After a 2 hour rest in the warming oven I pulled the meat.  Very tender and juicy.  Perfect pulled pork. 













P3270001.JPG



__ bdskelly
__ Mar 27, 2016






Warm flour tortillas. A squirt of finishing sauce. Cajun seasoned slaw. 













P3270002.JPG



__ bdskelly
__ Mar 27, 2016






Brian


----------



## WaterinHoleBrew (Mar 27, 2016)

That looks phenomenal my friend, had to be very tasty !  Nice smoke Brian !    Thumbs Up


----------



## b-one (Mar 27, 2016)

Looks tasty!


----------



## gary s (Mar 27, 2016)

Nice job Brian, It all looks great  I did think I was going to see the New smoker in action.








Gary


----------



## pc farmer (Mar 27, 2016)

Wow.   Looks great.

I would think wild hog would be much harder than regular pork.


----------



## foamheart (Mar 27, 2016)

I gotta know did the Brother in Law get a taste?

Great looking PP my friend, Happy Easter!


----------



## bdskelly (Mar 27, 2016)

WaterinHoleBrew said:


> That looks phenomenal my friend, had to be very tasty ! Nice smoke Brian !


Thank you Justin.  Just a basic PB and a little on the wild side!


----------



## bdskelly (Mar 27, 2016)

b-one said:


> Looks tasty!


It turned out pretty darn good B.


----------



## bdskelly (Mar 27, 2016)

c farmer said:


> Wow. Looks great.
> 
> I would think wild hog would be much harder than regular pork.


Thanks Adam!  

It smoked about the same as a store bought PB .  But was leaner. In the end I liked the way it cooked.  Less grease to deal with than a pork butt.  Yet it didn't dry out. I did put it in a covered foil pan with some apple cider vinegar when the IT hit 190 - 195.  That and resting it may have helped keep it moist. 

Brian


----------



## dirtsailor2003 (Mar 27, 2016)

Looks great BD! 

Points!


----------



## bdskelly (Mar 27, 2016)

Foamheart said:


> I gotta know did the Brother in Law get a taste?
> 
> Great looking PP my friend, Happy Easter!

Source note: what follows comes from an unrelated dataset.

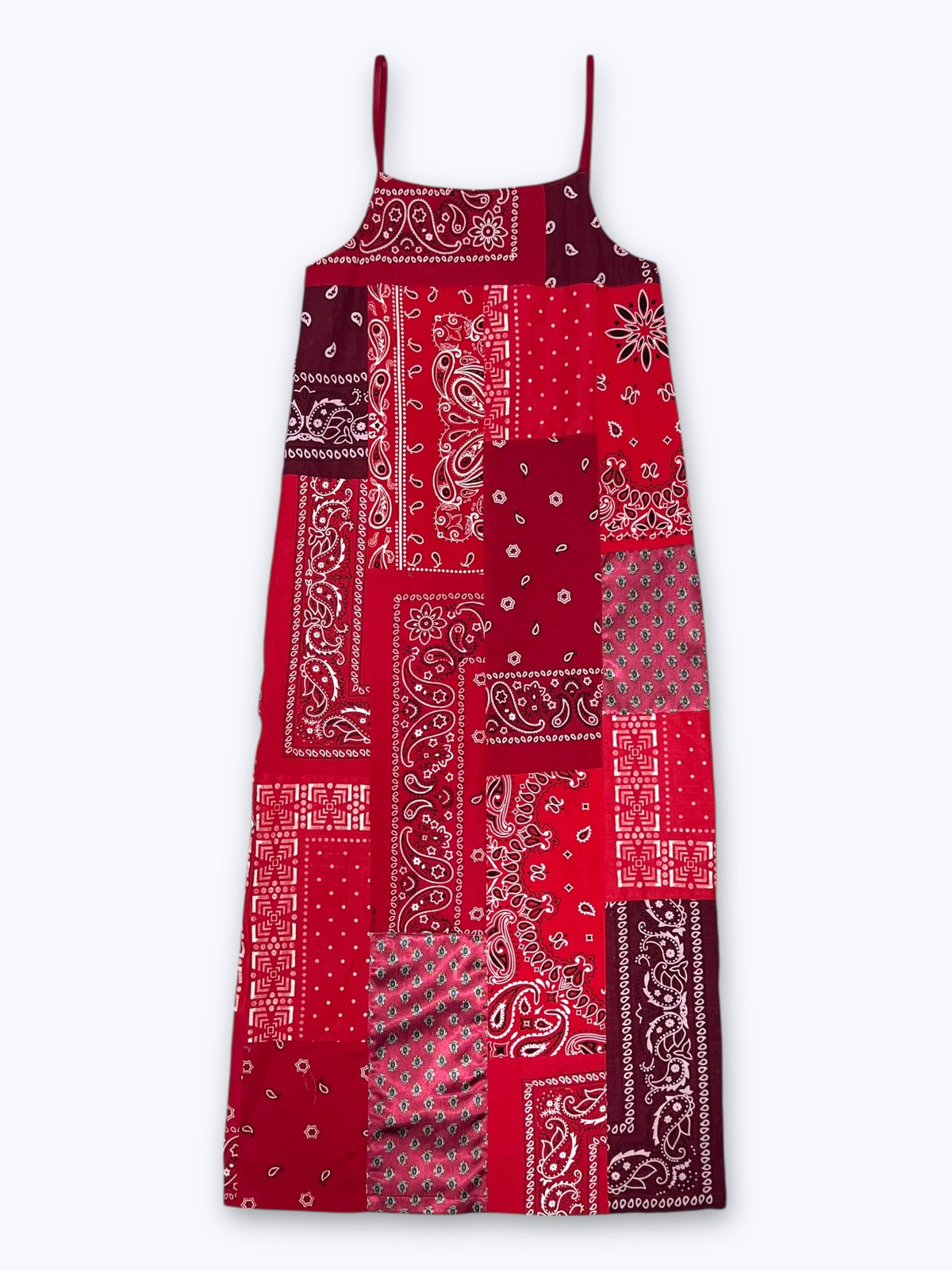 vintage bandanna patchwork cami dress -red- | NELI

Happy Easter Kev.  Oh yes.  He made a few tacos for himself.  And a big plus he brought  over 2 links of sausage.  I tossed the links on the MES and showed em some love. 

B













P3260005.JPG



__ bdskelly
__ Mar 27, 2016


----------



## bdskelly (Mar 27, 2016)

gary s said:


> Nice job Brian, It all looks great  I did think I was going to see the New smoker in action.
> 
> 
> 
> ...


Thanks for the point Gary!  Yup... I felt guilty not using the new smoker.  But had so much going on this weekend I needed to set it and forget it on the MES....  Happy Easter buddy! b


----------



## foamheart (Mar 27, 2016)

BDSkelly said:


> P3270001.JPG
> 
> 
> 
> ...


Sorry, I just gotta........" Does that mean you were just pulling his leg?"


----------



## jp61 (Mar 27, 2016)

Nicely done Brian!

It looks delicious!

Need to make some of Jeff's rub, it's been awhile.

Enjoy!


----------



## bdskelly (Mar 27, 2016)

Foamheart said:


> Sorry, I just gotta........" Does that mean you were just pulling his leg?"



What a ham.... Bada dump de dump  
	

	
	
		
		



		
		
	


	







We will be here all week folks! Tell your friends and family!

b


----------



## bdskelly (Mar 27, 2016)

JP61 said:


> Nicely done Brian!
> 
> It looks delicious!
> 
> ...


Thanks Joe!

B


----------



## bdskelly (Mar 27, 2016)

JP61 said:


> Nicely done Brian!
> 
> It looks delicious!
> 
> ...


Thanks Joe!

B


----------



## chef jimmyj (Mar 27, 2016)

Looks great! Not a single Wild Hog in my suburban neighborhood in NJ, but I have wondered how they taste...JJ


----------



## tropics (Mar 28, 2016)

Brian that looks fantastically moist Points

Richie


----------



## SmokinAl (Mar 28, 2016)

Nicely done, Brian!

I like the flour tortilla & the Cajun slaw!

Points!

Al


----------



## bdskelly (Mar 28, 2016)

Chef JimmyJ said:


> Looks great! Not a single Wild Hog in my suburban neighborhood in NJ, but I have wondered how they taste...JJ


Thanks JJ. 

There was no real game influence. However the pork did have a deeper flavor to it. b


----------



## foamheart (Mar 28, 2016)

This little piggy went to market,
This little piggy stayed home,
This little piggy had roast beef,
This little piggy had none,
And this little piggy went wee wee wee all the way to Brian's house for Easter dinner!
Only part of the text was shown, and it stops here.